How to Sell and Buy a House at the Same Time: Everything You Need to Know
Learn how to sell and buy a house at the same time. From financing to planning, find out what to expect when selling and buying at the same time. The post How to Sell and Buy a House at the Same Time: Everything You Need to Know appeared first on Redfin | Real Estate Tips for Home Buying, Selling & More.


If you’re a homeowner looking to buy your next home, then you’ll likely have to juggle selling and buying at the same time. In an ideal world, you’d close on both homes on the same day, but that’s rarely the case. Expect some time between selling your house and buying a new one – or vice versa.
In this Redfin article, we’ll outline the steps for selling and buying a house at the same time. Whether you’re looking at homes in Indianapolis, IN, or in Lubbock, TX, here’s how to sell and buy a home at the same time – and what you can expect along the way.
Decide whether to sell or buy first
The first step in buying and selling a home at the same time is to decide what to do first – sell or buy. Understanding the local housing market can help you determine which is best for you.
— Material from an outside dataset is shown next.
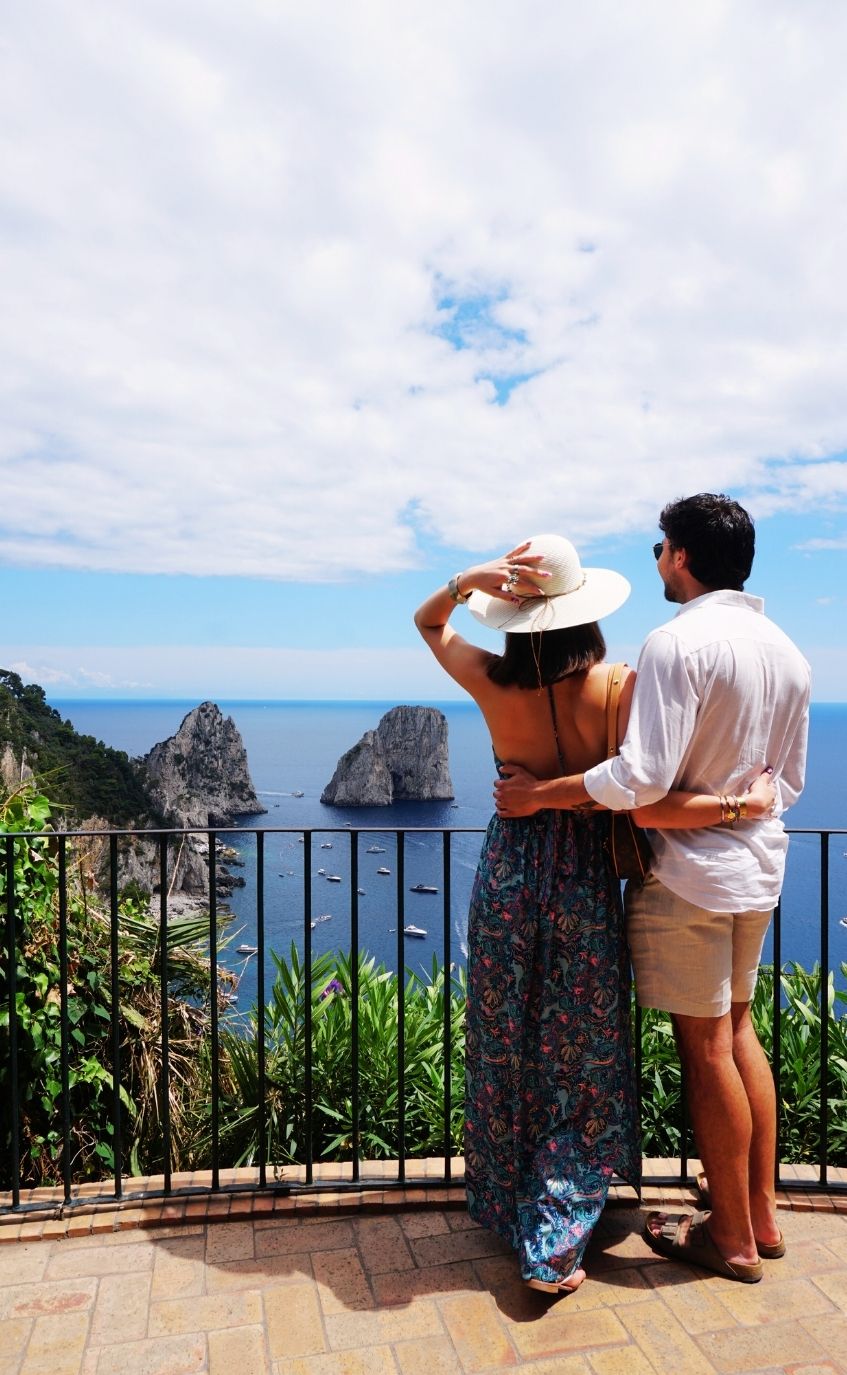 Couple enjoying panoramic Capri view during boat tour stop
If you’re moving from one city to another, the housing market may be different, so you’ll need to time your sale properly.
Learning whether the housing market is a buyer’s or seller’s market can be a great way to determine what to do first.
Is it a buyer’s market?
A buyer’s market means there are more homes for sale than buyers. As the buyer, you’ll likely have more options and negotiating power. However, it could take longer to sell your home than you’re anticipating.
Options to consider:
- Home sale contingency: Allows you to back out of buying if your current home doesn’t sell, useful when relying on proceeds from the sale.
- Extended closing: Gives you more time to sell your home before finalizing the purchase.
Is it a seller’s market?
A seller’s market means there are more buyers than homes for sale. As the seller, you’ll likely have an easier time selling your home. However, you may find it difficult to buy a home in this market.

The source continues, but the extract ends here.